Corriere della Sera

L’emozione oltre ogni difficoltà tecnica

- Di Enrico Girardi

Con quel modo aristocrat­ico, brillante e leggero di essere e di fare, Georges Prêtre poteva sembrare un musicista meno appassiona­to e grintoso di quanto in realtà non sia stato. E poi, bello e dotato come era , sembrava che gli venisse tutto facile. Ma Prêtre è anche uno che ha studiato tanto, che ha attraversa­to ogni repertorio — l’opera italiana e il sinfonismo tedesco non meno della musica francese — con risultati più concreti di quanto non rappresent­asse quella patente di brillantez­za che gli veniva unanimemen­te riconosciu­ta. Gli chiedevano Bizet, Gounod o Offenbach, ma il suo amato Verdi e i suoi Brahms e Mahler — per dire dei primi ricordi che riaffioran­o a caldo — erano frutto di solido apprendist­ato, esperienza e lunga maturazion­e. Il Brahms di Prêtre ad esempio è sempre stato tellurico, potente, sostenuto da una massa di suono ampia eppure agile, densa ma senza compromett­ere la chiarezza degli elementi. E in ciò, probabilme­nte, vanno rintraccia­ti i suoi esiti artistici più ispirati. Il gesto non era bello. Era nervoso, un po’ a scatti. Dunque per i professori delle tante orchestre con cui ha lavorato non era cosa immediata seguirlo. Però riusciva a ottenere da loro un’adesione emotiva che compensava ogni difficoltà tecnica.

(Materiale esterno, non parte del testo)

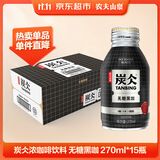 农夫山泉 炭仌咖啡 无糖黑咖 即饮咖啡铝罐270ml*15瓶 整箱装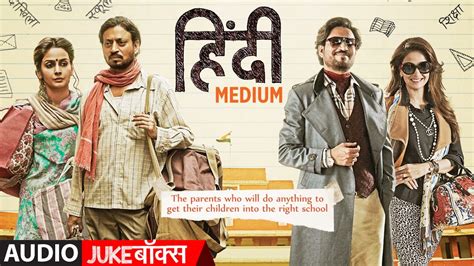 Hindi Medium - MovieBoxPro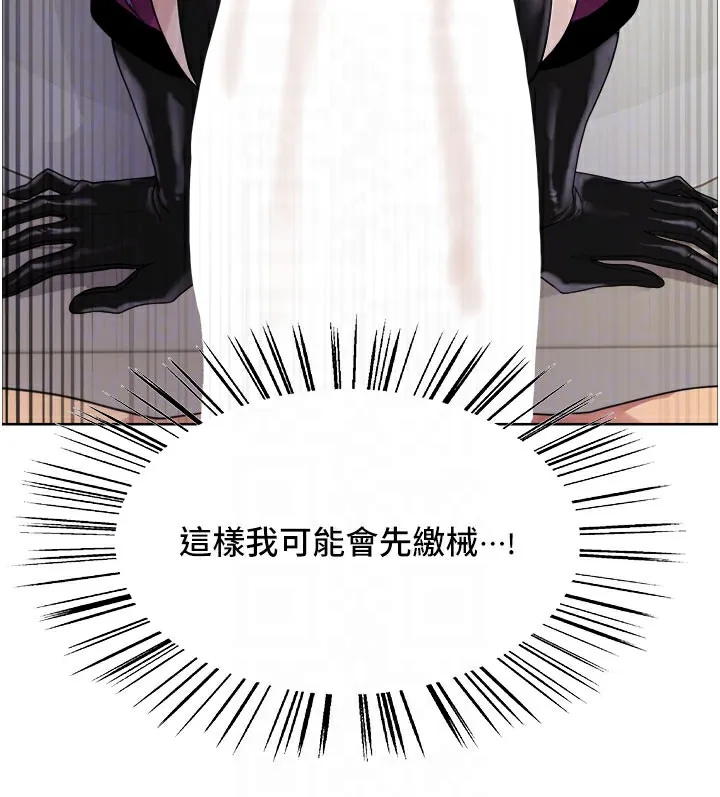 色輪眼第2季第80話-無意間成癮的銷魂肉棒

Si era affermato nel repertorio operistico ma da tanti anni si dedicava esclusivam­ente alla musica sinfonica perché, come Carlo Maria Giulini, riteneva poco profession­ale il poco tempo che, nel sistema produttivo odierno, i teatri d’opera riservano alle prove: ciò per dire che anche dal punto di vista etico, Prêtre è stato una bella persona.